A statement from two university academics, saying former
lessees of South Island Crown pastoral land have done "very
well" on-selling land after tenure review - receiving on
average 2696 times the price the Crown charged them for
freehold rights - has been described as "appallingly
misleading".
Public policy researcher Dr Ann Brower, from Lincoln
University, and economist Dr Philip Meguire, from the
University of Canterbury, undertook a study of tenure review
over the past five years.
Dr Brower is no stranger to controversy concerning high
country issues. In 2006, pastoral lessees said they felt
vindicated by a Victoria University report which said they
were not fleecing taxpayers of millions of dollars through
tenure review.
The High Country Accord lobby group commissioned the review
of a report by Dr Brower which said the high country was
being given away and privatised through tenure review.
In the latest report, Dr Brower and Dr Meguire said they
calculated the ratio of the price per hectare a lessee was
paid when selling all or part of a new freehold, to the price
per hectare the Crown charged the lessee to acquire the
freehold under tenure review. In a statement, they said
lessees, on average, on-sold land at 2696 times the price the
Crown charged them for freehold rights and half of the
lessees on-sold land for more than 992 times the price they
paid for freehold.
"Everyone who has gone through tenure review and then sold
newly privatised land has done so for a price at the very
least 80% higher than the price at which the Crown sold the
freehold rights.
"At the other extreme, some land privatised under tenure
review was sold for more than 27,000 times than what was paid
for it," the pair said.
A summary of their work will be published in the
internationally recognised scholarly journal New Zealand
Economic Papers.
Ray Macleod, a land economist and general manager of Landward
Management, a specialist Dunedin land management company in
the rural sector, described the statement as outrageous and
conveniently misleading.
"No-one should have to defend themselves against such a
blatant misrepresentation of the nature of the relationship
between the Crown and the lessees," Mr Macleod said.

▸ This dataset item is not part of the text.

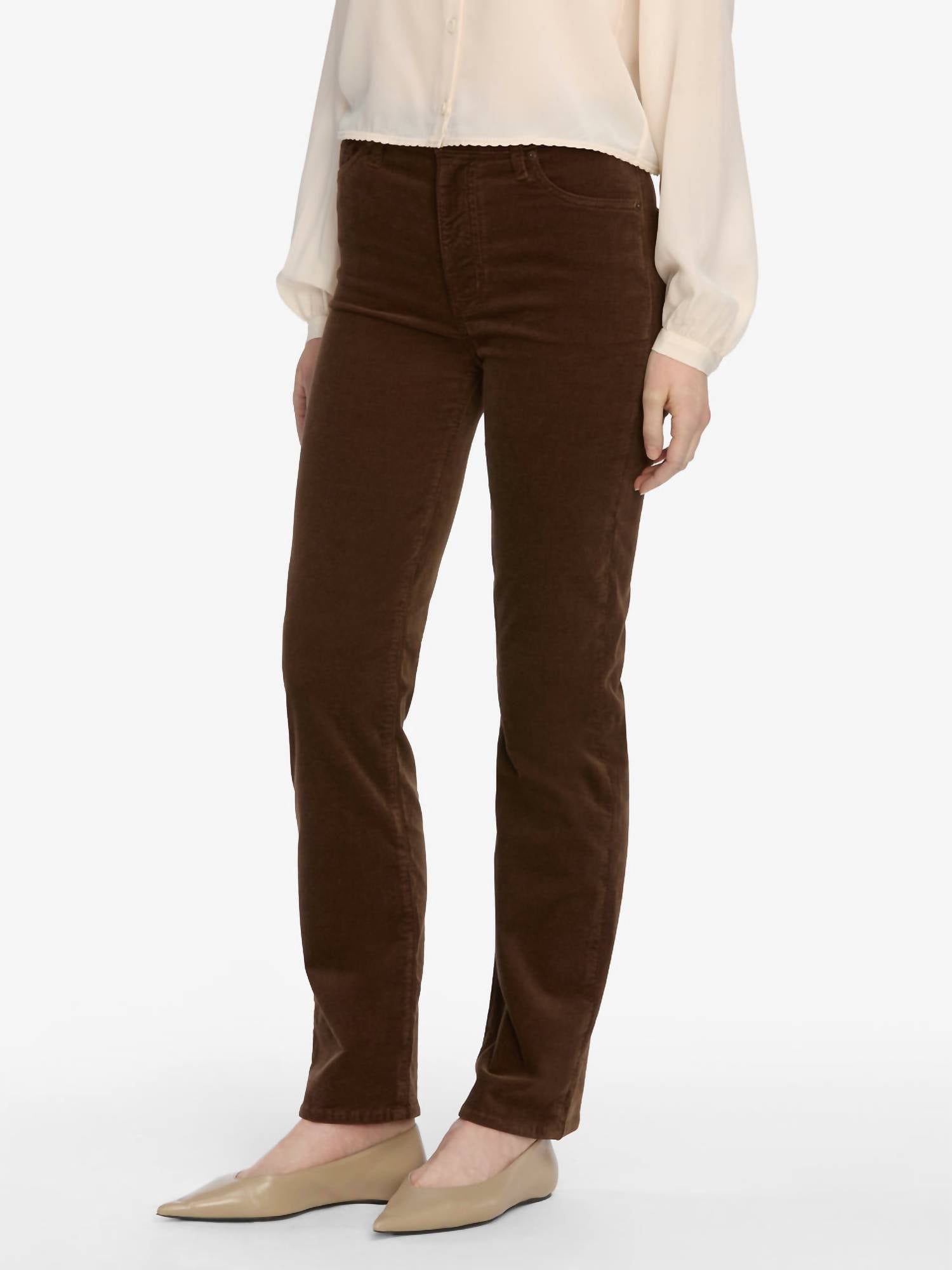 Frame - Le Sleek Corduroy Ankle Straight Leg Pants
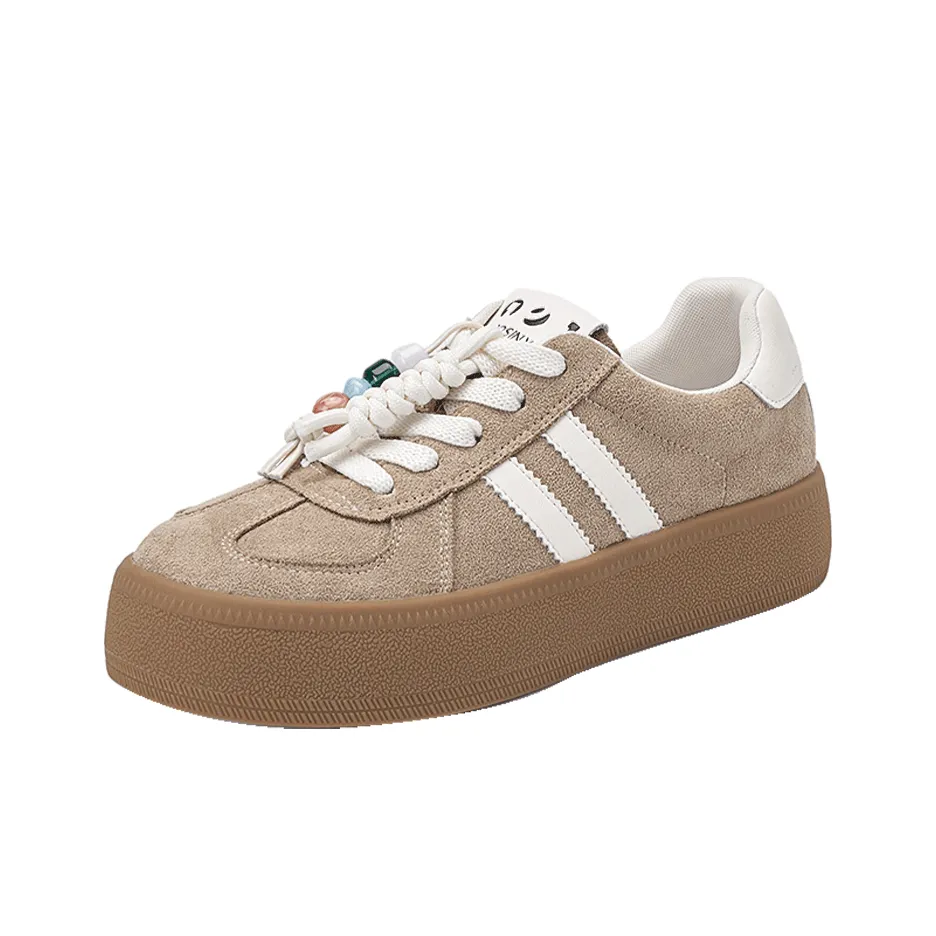 JOSINY 2025 Spring Осенний Универсальный Платформа Кроссовки для скейтбординга Мягкая подошва Белый Кроссовки Женские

The pair had conveniently ignored the significant
improvements and property rights which were held by the
lessees, including security of tenure through a perpetual
right of renewal of the lease subject only to a range of
conditions related to the terms of the perpetual lease.
Dr Brower and Dr Meguire either did not understand the
Crown-lessee relationship, and therefore the fundamental
nature of the transaction that was taking place under tenure
review, or they had a social or political agenda they needed
to disclose in full, Mr Macleod said.
Given the basic misrepresentation in the paper of the
relationship between the Crown and lessees, Mr Macleod
believed the authors owed an apology to the Crown, and felt
the paper was of such doubtful quality it should be of
concern papers of such standard were deemed authoritative.